Takiego scenariusza pierwszej połowy nikt się nie spodziewał. Szczypiorniści z Legionowa świetnie weszli w mecz. W bramce szalał Mikołaj Krekora, dla którego było to najlepsze spotkanie w Superlidze. Bronił praktycznie wszystko, odbijając również rzuty karne. Na kole szalał Kasprzak, który pokazywał, że jest jednym z najlepszych w Polsce na tej pozycji. Znakomicie funkcjonował na prawym skrzydle Paweł Kowalik, który popisywał się wspaniałymi rzutami. A jak dodamy do tego, że reszta zawodników KPR-u prezentowała najwyższy poziom to o wynik można było być spokojnym. Miejscowi prowadzili już 11:4. Zanosiło się na pogrom. Jednak chwila dekoncentracji w końcówce pierwszej połowy i na przerwę KPR schodził z prowadzeniem 14:9.

Walczyli, utrzymali wynik i zapewnili play-offy!
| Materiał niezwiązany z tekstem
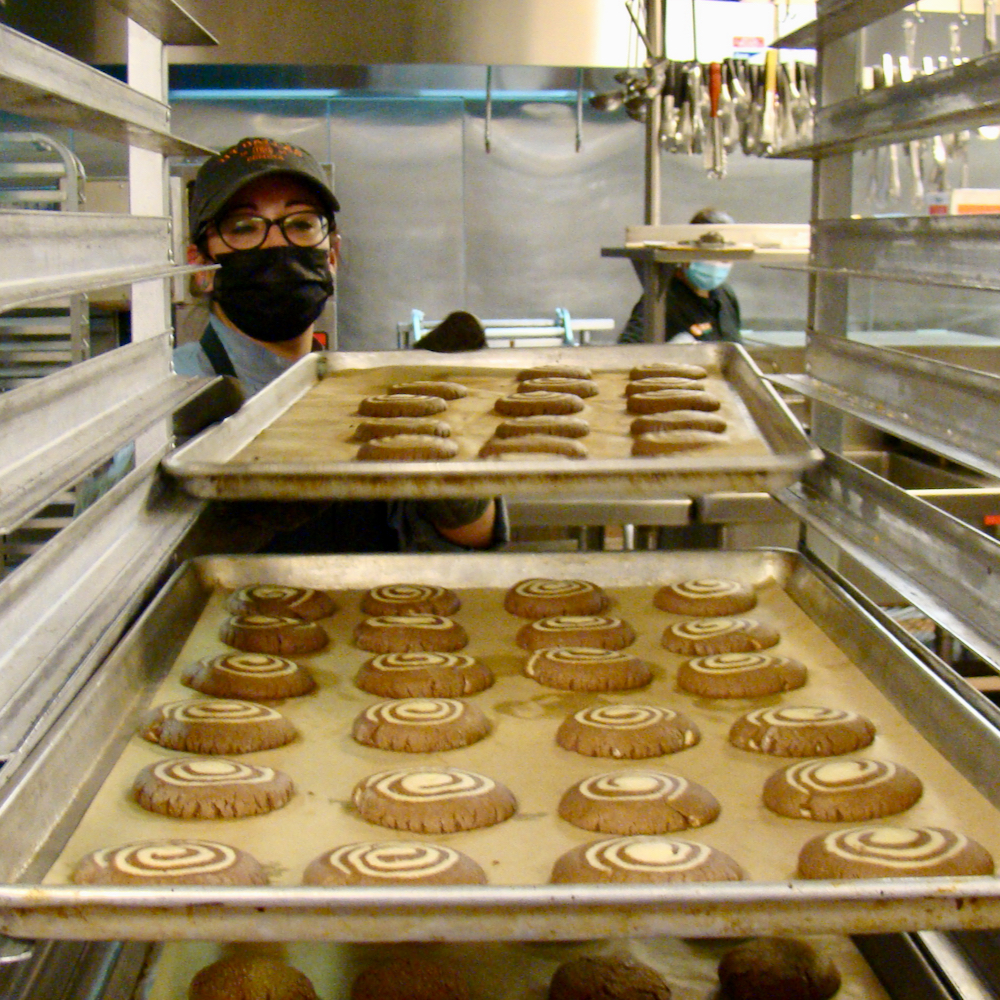 A chef slides a tray of cookies into a rack filled with more trays of cookies.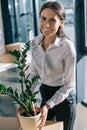 young businesswoman holding potted plant and smiling at camera Royalty Free Stock Photo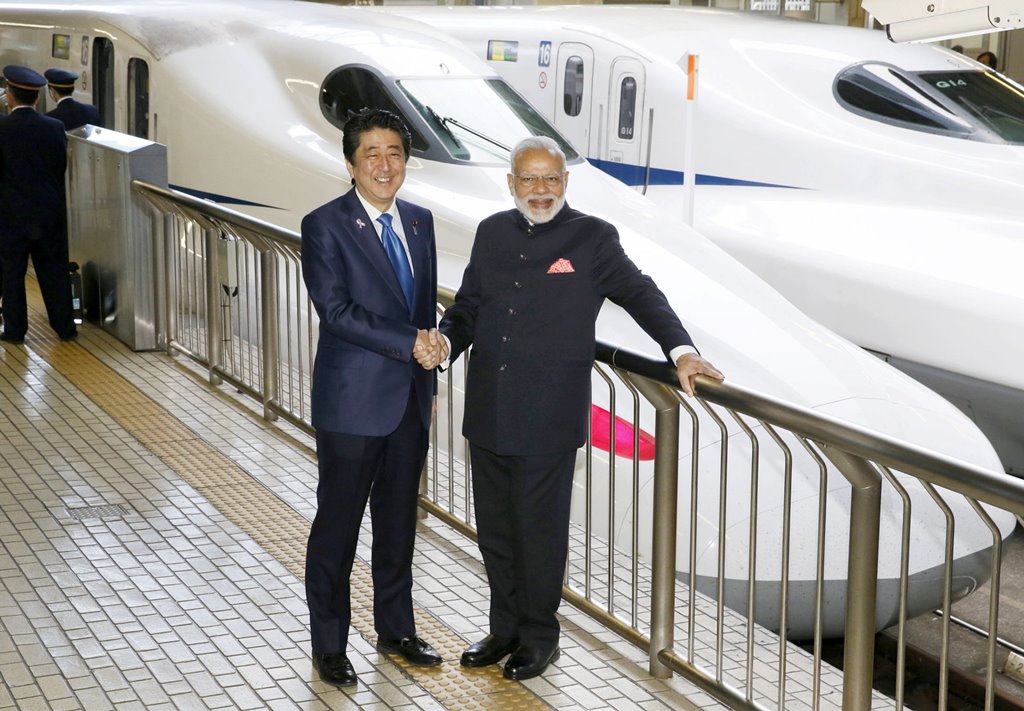 Indian Prime Minister Narendra Modi (R) and Japan's Prime Minister Shinzo Abe pose in front of a Shinkansen bullet train before heading for Hyogo prefecture at Tokyo Station, Japan November 12, 2016, in this photo taken by Kyodo. Kyodo/via REUTERS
Druga połowa nie była już tak idealna jak pierwsze trzydzieści minut. Choć w pewnym momencie gospodarze prowadzili 18:12, to kwidzynianie nie zamierzali się poddać i starali się odrabiać straty. Walczyli twardo i powoli zaczęli zbliżać się do legionowian. Ciekawie zrobiło się gdy zmniejszyli różnicę do trzech bramek i mieli piłkę w ataku. Niestety dla siebie nie wykorzystali swojej szansy. Na pewno chluby nie przynosi gościom fakt, że grając w sześciu na czterech dali sobie rzucić dwie bramki (niesamowite rzuty Pawła Gawęckiego). Groźnej kontuzji w drugiej połowie doznał Kasprzak. W ferworze walki został uderzony w policzek. Skóra na policzku niestety pękła, a miejsce po uderzeniu zaczęło mocno puchnąć. Kołowy musiał opuścić parkiet. Nie łatwo było go utrzymać na ławce. Po opatrzeniu przez pomoc medyczną wrócił ma parkiet, przy ogromnym aplauzie blisko tysiąca kibiców zgromadzonych w Arenie Legionowo! Ostatnie dwie minuty to brawa na stojąco dla miejscowych zawodników. W tym momencie było już wiadomo, że legionowianie wygrają to spotkanie i zapewnią sobie pozostanie na przyszły rok w elicie szczypiornistów. A to jeszcze nie koniec, bo do końca sezonu zasadniczego dwie kolejki. Już za tydzień KPR będzie podejmować Górnika Zabrze i czas zmazać plamę z ostatniej akcji w Zabrzu. A potem Azoty i miejmy nadzieję, że przed pierwszą rundą play-off pozostaniemy na 4 miejscu.

KPR RC Legionowo – MMTS Kwidzyn 28:24 (14:9)

KPR RC Legionowo: Stojković, Krekora – Titow – 9, Kasprzak – 7,  Gawęcki – 6, Kowalik – 4,  Prątnicki – 1,  Płócienniczak – 1, Brinovec, Twardo, Ciok, Bożek, Mochocki.